→ **Exercise details**
Without copying any picture, return all lines below exactly.

→ **Data below**

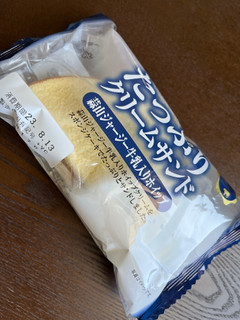 「ヤマザキ たっぷりクリームサンド 蒜山ジャージー牛乳入りホイップ 袋1個」のクチコミ画像 by chan-manaさん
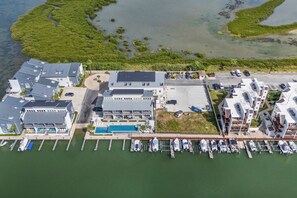 Exterior - Sunset Haven – Stunning Lagoon & Private Boat Dock (South Padre Island)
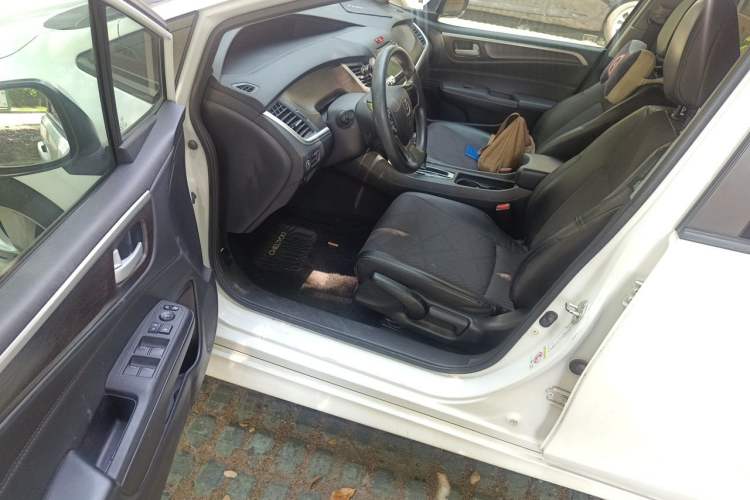 Used Honda Jade 2014 1.8L Automatic Comfort Elite Version 5 Seats Driver Seat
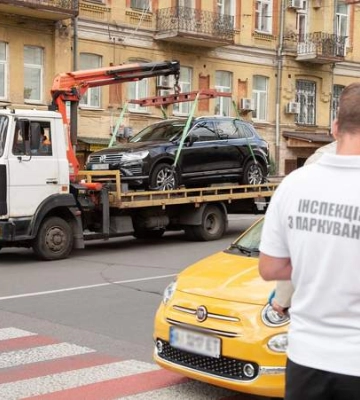 В Киеве снова "избили" парковщика: видео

→ **Response to the exercise**
 「ヤマザキ たっぷりクリームサンド 蒜山ジャージー牛乳入りホイップ 袋1個」のクチコミ画像 by chan-manaさん
 Exterior - Sunset Haven – Stunning Lagoon & Private Boat Dock (South Padre Island)
 Used Honda Jade 2014 1.8L Automatic Comfort Elite Version 5 Seats Driver Seat
 В Киеве снова "избили" парковщика: видео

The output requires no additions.